In fact it must be one of the most chaste 'erotic' movies I've ever seen, with no naughty action at all for over thirty minutes and hardly a single swear word in the entire film. When the action does finally arrive it's laughably tame, making you question why the film was even awarded an 18 certificate. Anyone who watched the Spartacus TV series is going to wonder what all the fuss is about; whilst Lars Von Trier's genuinely explicit and shocking Nymphomaniac makes Fifty Shades of Grey look like an episode of Sesame Street. What you actually get is a two hour advert packed full of lingering shots of gleaming luxury items and product placements. Because ultimately Fifty Shades of Grey is porn, just not the kind you're expecting.
The film is quite simply a form of consumer porn, showing you a luxury lifestyle that's filled with privilege and beauty combined with a bit of 'slap and tickle'. The story, such as it is, centres around a young student called Anastasia Steele, played by Dakota Johnson (daughter of Don Johnson and Melanie Griffith). After interviewing elusive tycoon Christian Grey, played by Dornan, the pair begin a strange sadomasochistic relationship. The two main characters are pure ciphers, with Anastasia as a 21-year old virgin who is ludicrously naive for her age and somewhat lacking in eloquence for an English lit major. Grey meanwhile is a billionaire businessman who never does any work and no one ever seems to recognise.
Fifty Shades of Grey
The film is based upon the novel of the same name, a self-published piece of 'fan-fiction' that became a publishing sensation and the fastest-selling paperback in UK history. Needless to say the studios were queuing up to make the film adaptation, with writers like Brett Easton Ellis lobbying for the chance to pen the screenplay. It's a pity he didn't get the opportunity because the finished film reminds the viewer of American Psycho but without any of that film's satirical edge. Instead the writer of the original novels, there are three of the them unfortunately, E. L. James chose Kelly Marcel who had previously written the excellent Saving Mr. Banks.

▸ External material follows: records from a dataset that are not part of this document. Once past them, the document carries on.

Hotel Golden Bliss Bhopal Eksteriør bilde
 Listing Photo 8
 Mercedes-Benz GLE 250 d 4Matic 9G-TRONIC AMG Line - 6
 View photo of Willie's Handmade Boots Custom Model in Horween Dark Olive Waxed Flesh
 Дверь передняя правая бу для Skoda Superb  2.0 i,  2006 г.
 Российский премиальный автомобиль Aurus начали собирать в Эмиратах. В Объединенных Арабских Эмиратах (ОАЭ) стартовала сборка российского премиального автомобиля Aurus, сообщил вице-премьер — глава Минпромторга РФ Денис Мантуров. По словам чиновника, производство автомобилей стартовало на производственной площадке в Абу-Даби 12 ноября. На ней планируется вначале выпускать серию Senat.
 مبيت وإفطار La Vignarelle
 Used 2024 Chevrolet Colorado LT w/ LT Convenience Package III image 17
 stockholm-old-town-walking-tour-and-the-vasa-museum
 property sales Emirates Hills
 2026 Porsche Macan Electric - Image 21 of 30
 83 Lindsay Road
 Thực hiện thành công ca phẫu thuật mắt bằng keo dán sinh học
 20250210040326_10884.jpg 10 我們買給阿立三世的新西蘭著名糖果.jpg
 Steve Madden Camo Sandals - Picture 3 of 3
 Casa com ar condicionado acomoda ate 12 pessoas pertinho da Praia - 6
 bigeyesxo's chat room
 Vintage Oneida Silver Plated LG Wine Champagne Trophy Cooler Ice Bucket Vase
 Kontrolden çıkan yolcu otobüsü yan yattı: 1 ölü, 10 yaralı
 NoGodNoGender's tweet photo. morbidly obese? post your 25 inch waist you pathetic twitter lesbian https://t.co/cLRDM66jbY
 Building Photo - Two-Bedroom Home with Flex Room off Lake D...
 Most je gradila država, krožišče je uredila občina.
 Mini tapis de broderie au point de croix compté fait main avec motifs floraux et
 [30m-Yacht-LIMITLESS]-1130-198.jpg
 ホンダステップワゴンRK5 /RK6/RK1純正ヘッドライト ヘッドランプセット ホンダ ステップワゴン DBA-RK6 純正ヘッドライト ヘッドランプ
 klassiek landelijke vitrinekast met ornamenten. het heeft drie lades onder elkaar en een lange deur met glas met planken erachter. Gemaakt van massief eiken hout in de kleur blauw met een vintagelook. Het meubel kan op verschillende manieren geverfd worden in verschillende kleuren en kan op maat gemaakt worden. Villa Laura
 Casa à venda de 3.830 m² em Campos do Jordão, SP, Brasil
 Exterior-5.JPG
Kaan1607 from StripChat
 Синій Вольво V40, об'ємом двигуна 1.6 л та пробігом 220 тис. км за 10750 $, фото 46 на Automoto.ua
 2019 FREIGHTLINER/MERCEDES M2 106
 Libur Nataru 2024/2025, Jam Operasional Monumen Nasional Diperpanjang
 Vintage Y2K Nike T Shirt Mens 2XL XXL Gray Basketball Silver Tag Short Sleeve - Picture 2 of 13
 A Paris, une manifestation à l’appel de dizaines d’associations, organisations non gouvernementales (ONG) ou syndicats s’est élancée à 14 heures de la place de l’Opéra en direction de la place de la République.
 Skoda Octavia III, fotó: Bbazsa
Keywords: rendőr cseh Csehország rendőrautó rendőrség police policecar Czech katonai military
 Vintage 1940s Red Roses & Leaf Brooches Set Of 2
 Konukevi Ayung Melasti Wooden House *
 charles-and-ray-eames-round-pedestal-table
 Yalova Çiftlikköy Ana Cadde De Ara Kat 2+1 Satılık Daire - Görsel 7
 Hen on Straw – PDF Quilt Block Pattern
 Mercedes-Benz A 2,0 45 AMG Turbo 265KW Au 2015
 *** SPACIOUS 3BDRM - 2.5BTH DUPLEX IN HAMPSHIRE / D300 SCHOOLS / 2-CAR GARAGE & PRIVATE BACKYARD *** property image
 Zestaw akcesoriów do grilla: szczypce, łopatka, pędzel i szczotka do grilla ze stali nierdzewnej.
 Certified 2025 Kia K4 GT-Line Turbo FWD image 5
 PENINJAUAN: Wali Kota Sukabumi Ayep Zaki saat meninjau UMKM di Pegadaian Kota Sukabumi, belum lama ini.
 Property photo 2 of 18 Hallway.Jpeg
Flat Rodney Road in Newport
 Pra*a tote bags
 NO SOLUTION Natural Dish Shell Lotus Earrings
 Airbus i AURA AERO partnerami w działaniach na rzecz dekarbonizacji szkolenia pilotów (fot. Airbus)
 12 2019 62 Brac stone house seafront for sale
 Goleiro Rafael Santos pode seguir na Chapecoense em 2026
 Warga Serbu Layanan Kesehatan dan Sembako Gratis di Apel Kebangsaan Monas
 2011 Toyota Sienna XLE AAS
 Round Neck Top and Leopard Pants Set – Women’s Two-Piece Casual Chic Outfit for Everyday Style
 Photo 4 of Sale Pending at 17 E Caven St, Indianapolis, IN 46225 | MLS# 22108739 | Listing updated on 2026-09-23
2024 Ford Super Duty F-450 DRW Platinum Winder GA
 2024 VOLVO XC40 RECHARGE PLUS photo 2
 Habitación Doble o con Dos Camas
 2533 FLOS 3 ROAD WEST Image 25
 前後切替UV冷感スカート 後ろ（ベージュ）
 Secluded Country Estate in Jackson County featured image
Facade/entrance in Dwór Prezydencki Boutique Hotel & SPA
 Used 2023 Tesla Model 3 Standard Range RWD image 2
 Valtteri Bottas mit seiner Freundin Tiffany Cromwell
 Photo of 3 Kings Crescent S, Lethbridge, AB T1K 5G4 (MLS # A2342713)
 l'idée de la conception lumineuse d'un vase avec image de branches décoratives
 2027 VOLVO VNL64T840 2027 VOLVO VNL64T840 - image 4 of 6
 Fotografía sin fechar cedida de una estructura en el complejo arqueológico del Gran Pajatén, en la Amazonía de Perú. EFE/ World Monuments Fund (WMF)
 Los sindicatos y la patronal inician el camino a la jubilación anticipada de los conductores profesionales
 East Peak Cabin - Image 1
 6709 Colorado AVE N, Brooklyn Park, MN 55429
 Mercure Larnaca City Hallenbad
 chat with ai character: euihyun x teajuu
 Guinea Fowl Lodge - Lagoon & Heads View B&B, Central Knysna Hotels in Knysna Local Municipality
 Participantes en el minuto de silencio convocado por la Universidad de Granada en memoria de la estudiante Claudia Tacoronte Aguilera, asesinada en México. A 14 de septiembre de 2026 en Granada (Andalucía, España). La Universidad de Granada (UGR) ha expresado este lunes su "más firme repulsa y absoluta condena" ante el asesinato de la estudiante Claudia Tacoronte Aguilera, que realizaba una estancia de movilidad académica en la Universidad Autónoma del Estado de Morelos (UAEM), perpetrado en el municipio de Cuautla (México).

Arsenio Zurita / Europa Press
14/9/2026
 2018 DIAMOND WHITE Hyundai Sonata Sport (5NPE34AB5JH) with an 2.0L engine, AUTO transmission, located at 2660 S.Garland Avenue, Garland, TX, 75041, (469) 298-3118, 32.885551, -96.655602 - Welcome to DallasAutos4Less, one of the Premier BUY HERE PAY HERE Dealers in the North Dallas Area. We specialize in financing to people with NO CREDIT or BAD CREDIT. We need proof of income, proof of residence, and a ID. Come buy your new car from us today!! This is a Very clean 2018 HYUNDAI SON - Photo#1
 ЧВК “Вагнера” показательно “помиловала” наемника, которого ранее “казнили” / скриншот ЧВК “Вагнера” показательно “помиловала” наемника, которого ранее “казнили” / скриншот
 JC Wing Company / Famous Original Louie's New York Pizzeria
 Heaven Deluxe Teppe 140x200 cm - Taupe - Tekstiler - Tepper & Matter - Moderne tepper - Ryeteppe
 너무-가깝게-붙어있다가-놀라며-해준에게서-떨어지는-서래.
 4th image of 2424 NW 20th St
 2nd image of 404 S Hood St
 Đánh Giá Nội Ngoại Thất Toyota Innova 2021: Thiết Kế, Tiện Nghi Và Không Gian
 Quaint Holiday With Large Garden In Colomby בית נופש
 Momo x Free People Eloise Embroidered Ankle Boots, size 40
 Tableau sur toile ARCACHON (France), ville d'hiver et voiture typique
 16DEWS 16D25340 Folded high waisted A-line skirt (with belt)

The nature of the American rating system meant that the film had to be R-rated to stand a chance of commercial success, so any genuinely explicit scenes were immediately thrown out. What's left can only be described as a comedy and you have to wonder if that was director Sam Taylor-Johnson's intention all along. After all she's far too talented a filmmaker not to have her tongue firmly lodged in someone else's cheek. Apparently Patrick Marber (Closer) was brought on to polish the screenplay and at least the film jettisons most of the appalling dialogue from the awful source novel.

The story is so ludicrous that comedy is the only way to sensibly approach Fifty Shades of Grey and Danny Elfman certainly scores the film as such. There are plenty of laugh-out-loud moments, albeit unintentional ones, as the ridiculous relationship at the centre of the film unfolds. There is, for example, a sequence where the pair negotiate a dominant/submissive contract that would never hold up in a court of law. Whilst the film's attempts to explain Grey's predilections are equally as laughable, with a psych 101 background that includes a crack-whore mother, adoption and abuse.

All this would be more bearable if the character of Christian Grey wasn't so boring - grey by name and grey by nature. Sadly Jamie Dornan is a charisma-free zone and aside from his toned abs and bank account, you wonder what Anastasia even sees in him. He comes across as a serial killer in the making, who's also not adverse to a bit of B&E and stalking. Of course due to the hypocrisy of the US rating system you never get to see his member, unlike Dakota Johnson who is expected to appear fully nude. The actress is the film's saving grace, delivering a surprisingly nuanced performance for such a silly film.

Of course I'm a man and thus not the target audience of the film or the original source novel, so let's get a different perspective from that rarest of AVForums contributors - an actual woman.

Since Fifty Shades of Grey is aimed primarily at a female audience, we asked guest writer Laura Holland to give her opinion.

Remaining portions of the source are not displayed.